The Time Machination is another IDW comic, this time featuring the 10th Doctor.  It falls quite squarely in the fanwank region of Doctor Who fiction so beloved of Gary Russell and Craig Hinton and seems to suggest Tony Lee, its writer, is very much from the same camp.  Within its short run of pages (it is only a ‘one shot’, as they seem to be termed) it manages to tie together Timelash, Tooth and Claw and The Talons of Weng-Chiang.  Not only this, but along the way it throws in references to Torchwood (the series), Rose, Ghost Light, The Unquiet Dead, Boom Town, Shada, possibly The Gunfighters, the Doctor Who Monthly comic strip War of the Words and, unwittingly, even foreshadows the Matt Smith Christmas special, The Snowmen!


As a story its quite fun.  The 10th Doctor is seemingly stuck in London, 1889.  HG Wells brings his friend, Jonathan Smith to meet the Doctor.  Torchwood operatives, however, are on the trail of the Doctor having tracked him through the ten years since Queen Victoria set up the organisation.  They have detected traces of him at Krakatoa, Gabriel Chase and in America (which I’m presuming is a reference to The Gunfighters, but could easily be any 19th Century America-set story, whether in spin-off fiction or unseen).

It turns out, however, that the Doctor is actually in London to stop Jonathan Smith and has enlisted Wells’s help in this matter.  He is, in fact, a time traveller from the 51st Century out to stop the Doctor from defeating Magnus Greel.  Waving some timey-wimey paradoxical explanation, the Doctor explains that he discovered Smith’s plan and so placed a fake document on the planet Biblios (as featured in the comic strip, War of the Words) to lure him into a trap.  Torchwood (who have no record of the Doctor’s appearance, apparently) mistake Smith for the Doctor and he is taken away.  Apparently, a certain Captain Jack Harkness will eventually ask to see Smith, realise he is a fake and release him back to his own time to stand trial for war crimes.

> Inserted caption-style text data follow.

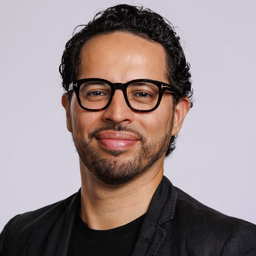 Felipe Iglesias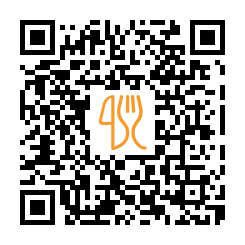 QR-code link para o menu de Jackpot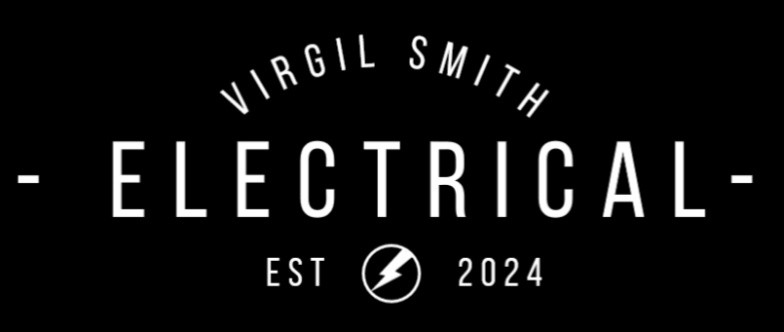 Virgil Smith Electrical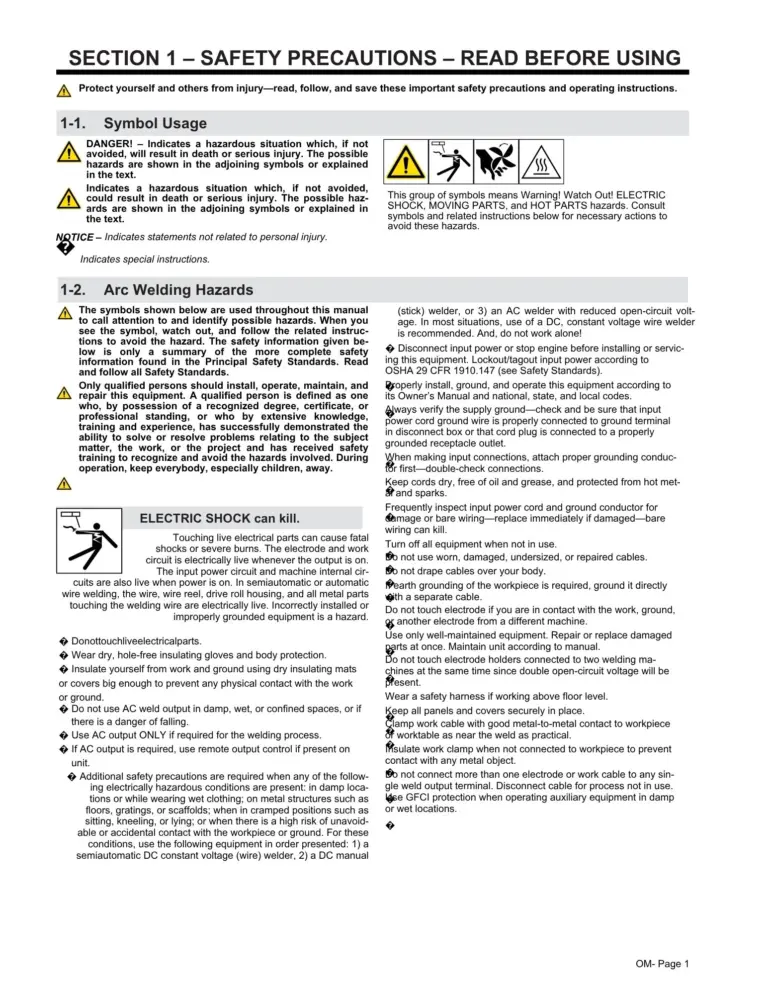 Welders-and-wire-feeders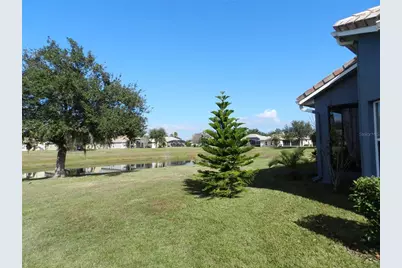 2641 Meadow View Court, Kissimmee, FL 34746 - Photo 4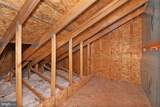 1055 Stanford Drive - Photo 36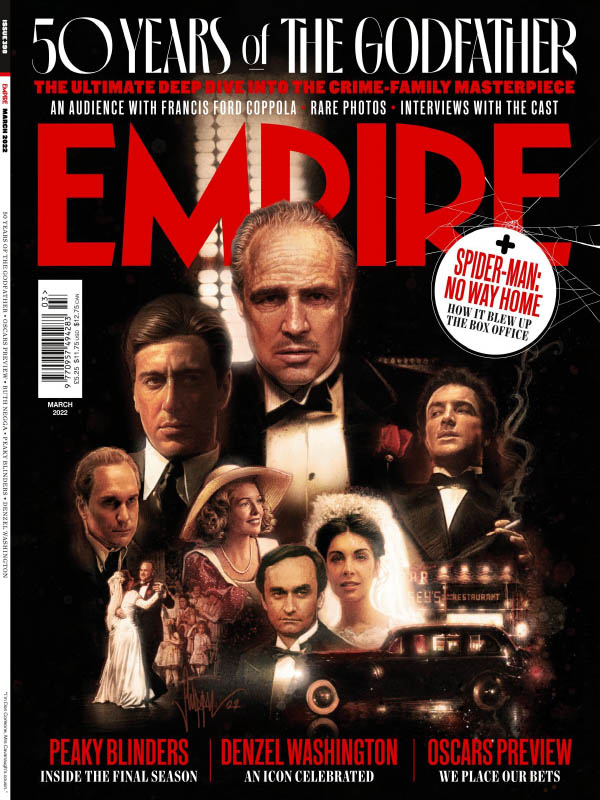 empire-uk-03-2022
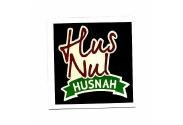 Trademark Husnul Husna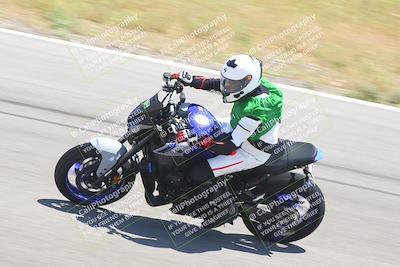 media/Apr-23-2023-TrackXperience (Sun) [[90816c9ee1]]/Level 1/session 4 turn 4/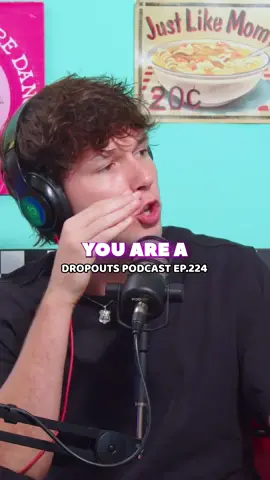 Alyssa roasted Zach hard 💀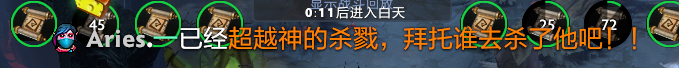 下载 (4).png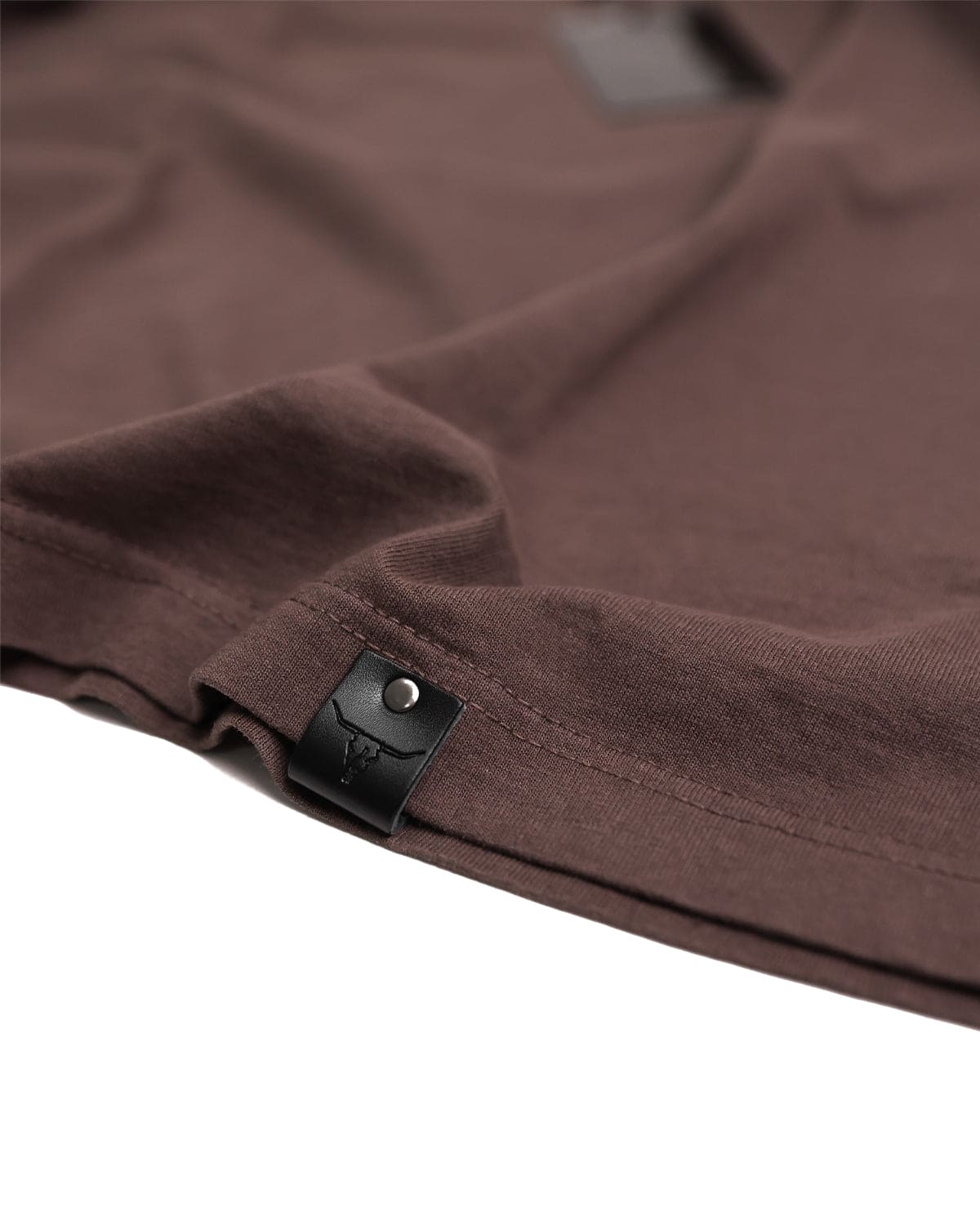 Bull T-shirt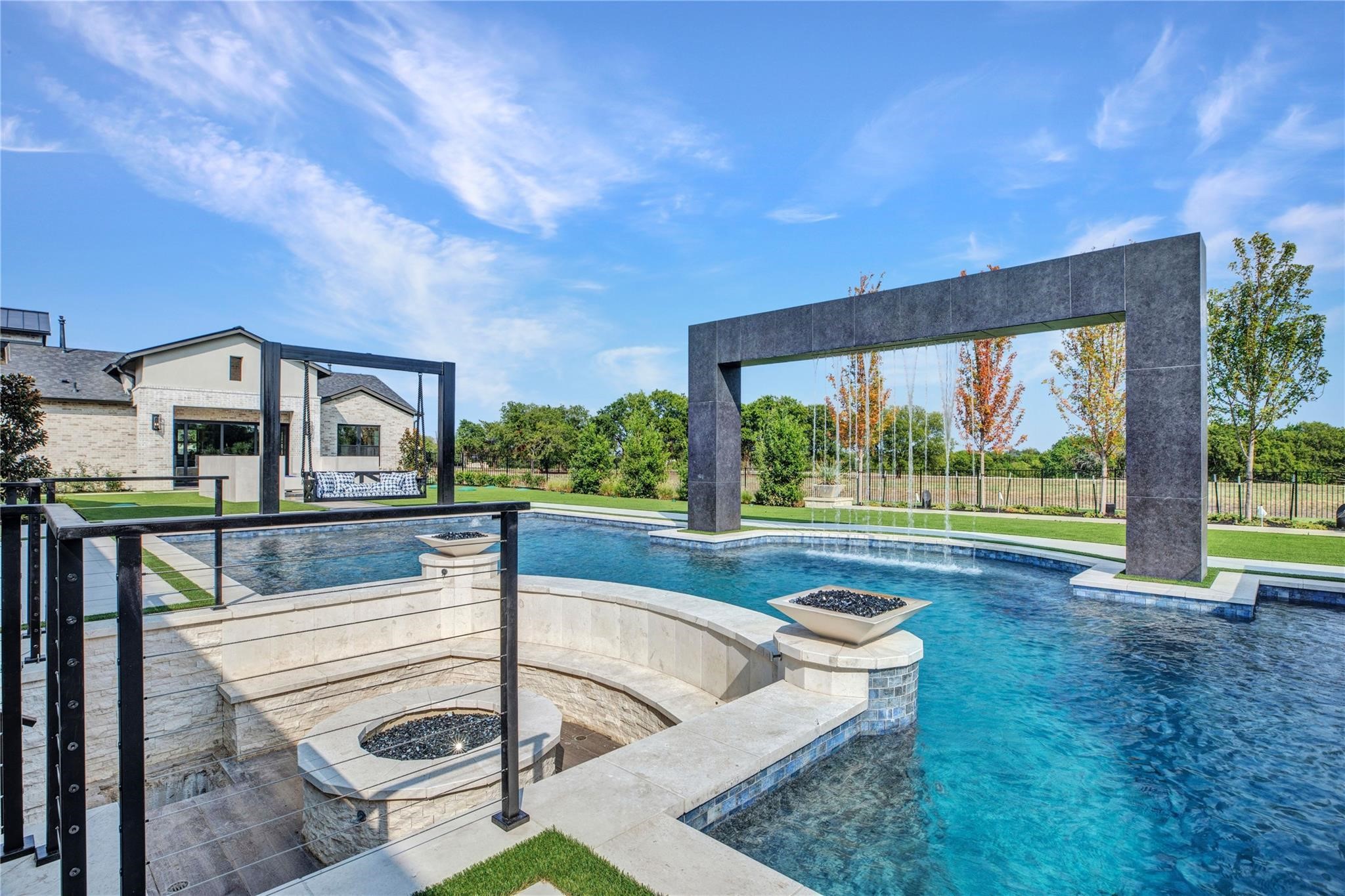 TBD Golden Ranch Drive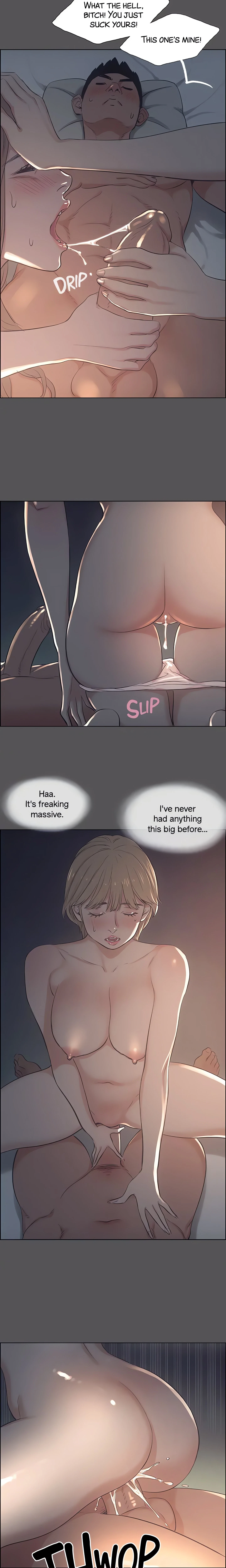 Chapter 36, page 6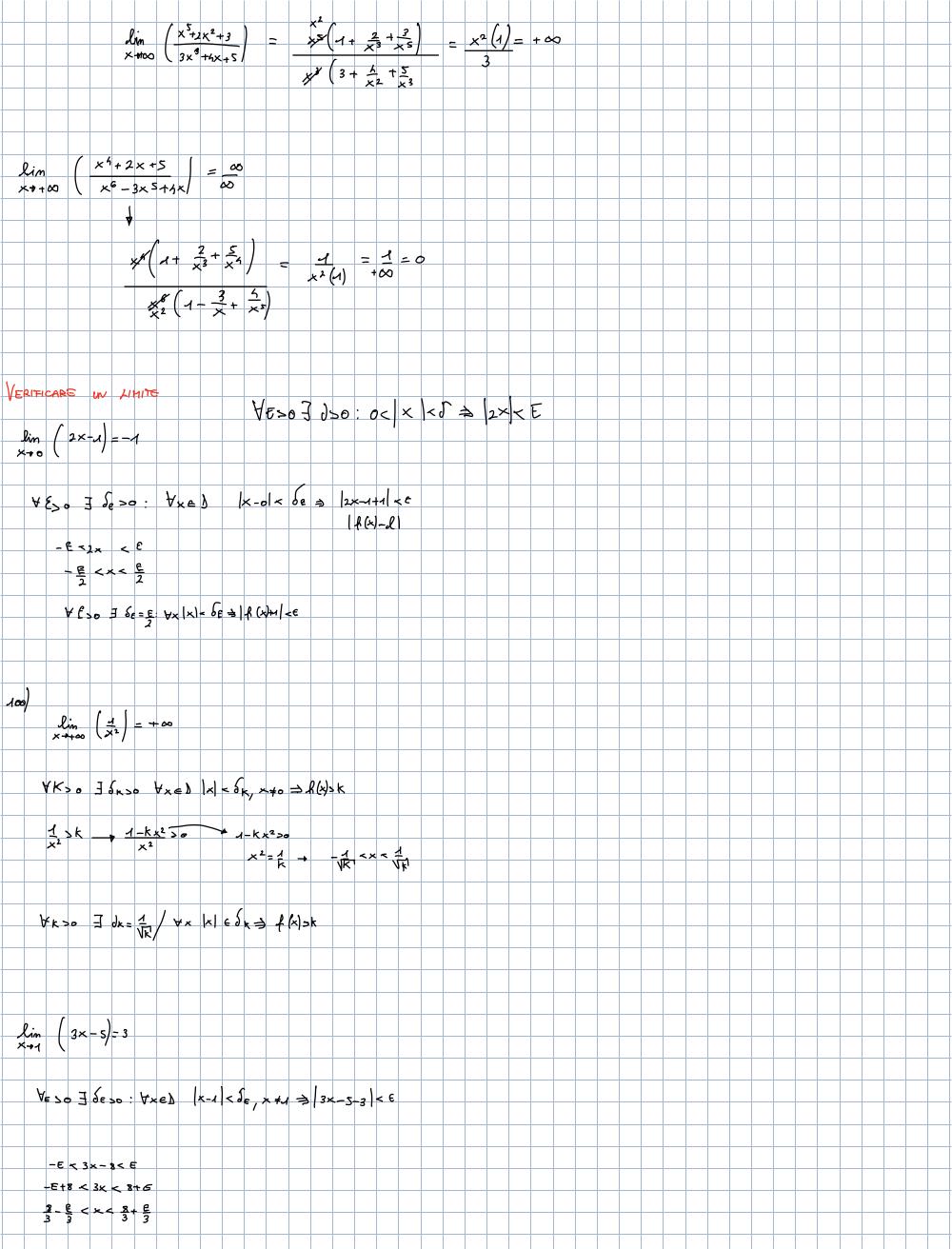 Preview documento per pagina 6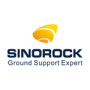 Luoyang Sinorock Engineering Material Co., Ltd.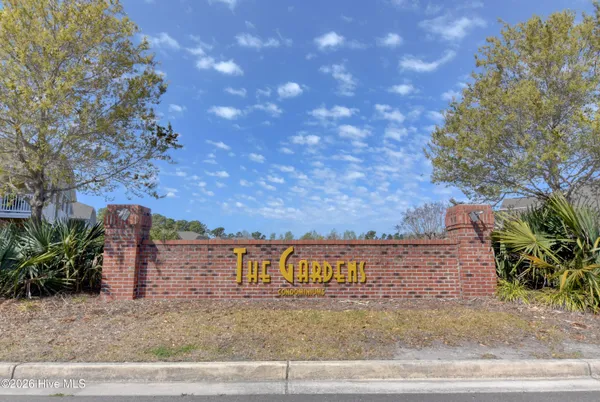 $1,650 | 4429 Jay Bird Circle, Unit 103, Wilmington, NC 28412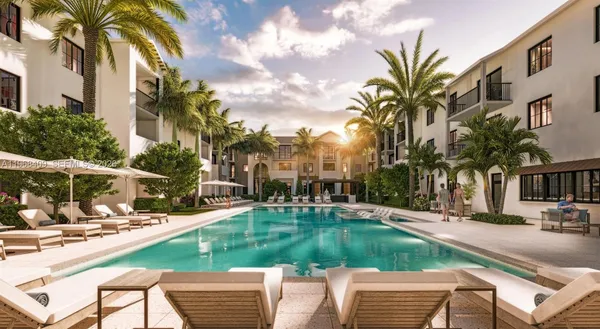 $2,976 | 11590 Hagen Ranch Road, Unit A2, Boynton Beach, FL 33437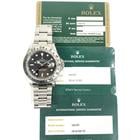 Rolex Explorer II - Image 3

The characterisation of David Tennant’s manic 10th Doctor is spot on and the whole timey-wimey, fanwanky plot is the sort of thing the comics, audios and novels are free to indulge in far more than the TV series can, or should.  HG Wells doesn’t bear much resemblance to the version we see in Timelash which, seeing as it is only supposed to be 4 years since he met the Doctor in Scotland, is a shame.  He looks much older in the comic strip than he does in Timelash, although he does look much closer to how HG Wells really looked.  Wells was born in 1866 which means he would have been 19 in 1885 (when the ‘Scottish’ segments of Timelash are set) and only 23 by the time of this story in 1889.  He looks much, much older than 23!  He wouldn’t publish The Time Machine until 1895 and, apparently it is only with prompting from the Doctor in this story, that he even considers becoming a writer.  So apparently, it takes him six years to write the story (not unfeasible, but possibly a bit too much of a gap).  I’ve always liked the idea that the Herbert we see in Timelash actually joined the Doctor and Peri for a few, unseen, adventures in time and space before returning to Earth.  Maybe that is why he looks older in this story than he should and spent longer with the Doctor and Peri than we might assume from the TV series.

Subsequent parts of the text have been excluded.